You should teach class at Wharton – *facepalm*
A problem with punctuation.
Commas? We don’t need no stinkin’ commas!
Mish, what do you think about what Kyle Bass says here about taking delivery of 1billion in gold for UT.
https://youtu.be/lgNVNTvlpFY
Stockmarket crash is coming because Harry “always wrong” Dent has become a bull.
I thought the market still had some time to run but Dent never fails to predict the wrong result so a stock crash must be coming.
My advice is buy cuban cigars. Best money you will ever spend.
And if you must buy harry’s books for some inexplicable reason, then set of for the wild, enjoy the open nature, and use harry’s books as survival kit, assuming the pages are of decent enough quality.
A stock market crash is coming because the price of securities cannot ultimately justify the under-lying assets. Dent has hopelessly misunderstood the situation i.e. yes, debt deflation is on the menu, but it’s been delayed by massive CB printing.
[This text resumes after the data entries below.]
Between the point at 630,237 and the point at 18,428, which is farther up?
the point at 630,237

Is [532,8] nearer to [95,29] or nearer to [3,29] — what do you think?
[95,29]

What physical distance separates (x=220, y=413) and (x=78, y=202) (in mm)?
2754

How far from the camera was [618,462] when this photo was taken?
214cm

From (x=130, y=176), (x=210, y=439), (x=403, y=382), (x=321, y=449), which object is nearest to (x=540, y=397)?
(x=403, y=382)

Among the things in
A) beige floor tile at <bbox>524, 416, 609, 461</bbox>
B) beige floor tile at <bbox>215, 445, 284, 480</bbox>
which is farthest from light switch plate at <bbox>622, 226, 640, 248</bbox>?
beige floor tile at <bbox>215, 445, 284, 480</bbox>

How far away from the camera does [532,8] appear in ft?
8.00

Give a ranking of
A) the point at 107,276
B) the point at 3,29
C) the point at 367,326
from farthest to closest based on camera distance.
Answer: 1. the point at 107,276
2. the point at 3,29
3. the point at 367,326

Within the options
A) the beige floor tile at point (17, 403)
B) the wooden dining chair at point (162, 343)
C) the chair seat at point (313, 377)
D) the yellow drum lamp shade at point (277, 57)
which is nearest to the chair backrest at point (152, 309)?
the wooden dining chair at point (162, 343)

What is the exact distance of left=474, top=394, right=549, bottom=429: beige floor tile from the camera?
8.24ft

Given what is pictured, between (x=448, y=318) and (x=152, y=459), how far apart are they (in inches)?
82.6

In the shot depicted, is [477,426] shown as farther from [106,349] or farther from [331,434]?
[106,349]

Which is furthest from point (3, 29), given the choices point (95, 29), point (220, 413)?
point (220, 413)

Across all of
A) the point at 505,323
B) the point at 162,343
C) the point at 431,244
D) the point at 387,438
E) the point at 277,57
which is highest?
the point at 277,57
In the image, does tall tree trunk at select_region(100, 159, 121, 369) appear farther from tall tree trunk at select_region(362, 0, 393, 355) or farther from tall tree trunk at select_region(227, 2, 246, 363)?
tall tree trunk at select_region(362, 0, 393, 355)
Now the Fed is raising rates a sharp correction seems all the more probable.
…and how’s the quality of the underlying assets of govt bonds?
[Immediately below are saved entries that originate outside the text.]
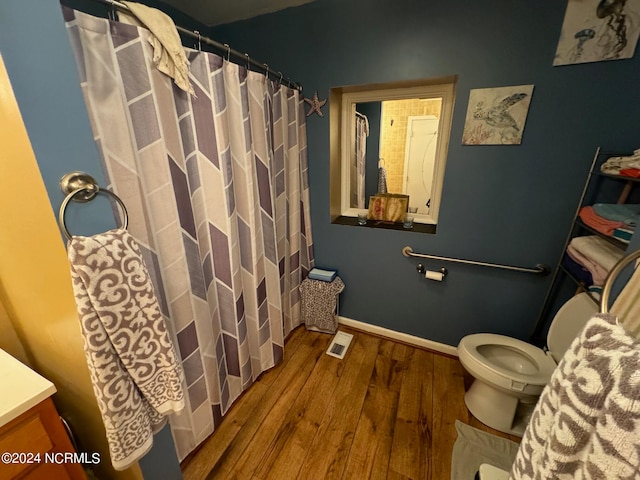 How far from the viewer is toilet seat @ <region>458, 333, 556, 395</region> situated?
3.85 feet

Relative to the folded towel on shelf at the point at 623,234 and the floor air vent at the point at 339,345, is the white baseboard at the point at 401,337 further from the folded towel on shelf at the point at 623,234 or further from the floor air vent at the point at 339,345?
the folded towel on shelf at the point at 623,234

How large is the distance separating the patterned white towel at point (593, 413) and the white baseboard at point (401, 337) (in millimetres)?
1359

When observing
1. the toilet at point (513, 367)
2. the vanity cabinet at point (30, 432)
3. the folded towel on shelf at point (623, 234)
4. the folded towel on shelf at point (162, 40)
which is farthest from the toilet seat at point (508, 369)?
the folded towel on shelf at point (162, 40)

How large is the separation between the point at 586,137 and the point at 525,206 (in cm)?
40

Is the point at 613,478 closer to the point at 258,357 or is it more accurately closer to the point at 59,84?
the point at 59,84

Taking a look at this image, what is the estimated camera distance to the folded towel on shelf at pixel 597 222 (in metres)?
0.97

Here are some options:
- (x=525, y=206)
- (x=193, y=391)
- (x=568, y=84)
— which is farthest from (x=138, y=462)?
(x=568, y=84)

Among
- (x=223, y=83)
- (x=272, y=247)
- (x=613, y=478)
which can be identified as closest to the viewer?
(x=613, y=478)

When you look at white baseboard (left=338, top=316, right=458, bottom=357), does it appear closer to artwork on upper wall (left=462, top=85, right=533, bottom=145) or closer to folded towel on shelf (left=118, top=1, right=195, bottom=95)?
artwork on upper wall (left=462, top=85, right=533, bottom=145)

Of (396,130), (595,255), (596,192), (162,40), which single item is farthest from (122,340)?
(596,192)

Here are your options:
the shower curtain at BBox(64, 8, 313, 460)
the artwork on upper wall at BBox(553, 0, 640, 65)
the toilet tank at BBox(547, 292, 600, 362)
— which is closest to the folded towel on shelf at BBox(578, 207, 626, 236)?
the toilet tank at BBox(547, 292, 600, 362)

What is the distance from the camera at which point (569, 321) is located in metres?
1.22

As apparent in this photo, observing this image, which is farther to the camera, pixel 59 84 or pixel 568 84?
pixel 568 84

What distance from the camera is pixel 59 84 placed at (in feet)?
1.70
The underlying asset of American bonds is the ability of the American government to loot its people.
It has not lessened as far as I can see.
http://www.wsj.com/articles/why-does-the-irs-need-guns-1466117176
And the winner is:
The US equity market, in the next two years as capital flees Europe and all bonds (debt) are suspect and the dollar hits 160…….then gold in the ten years after that, as ‘the really big short’ hits the US share market, and the dollar eventually gets its turn to bust.
Per Martin Armstrong’s Socrates algorithm.
I would buy Europe and Japan, not the bonds, selected equities.
I agree with the US dollar index rising much higher than it is now. My minimum upside target is 140, which doesn’t rule out your 160 target. I see potential for the USD target to be reached within 2 years since the USD has completed a multi-decade consolidating triangle wave pattern.
“Per Martin Armstrong’s Socrates algorithm”? Really?
Here are a few of his other “analyses” from the past several years:
In 2009: “Gold Headed To $5,000 And Beyond!”
In 2012 “Armstrong is still looking for gold to explode to the upside into 2015 due to the Sovereign Debt Crisis”
In 2013 he predicted the DOW would double by 2015 (then at 14k)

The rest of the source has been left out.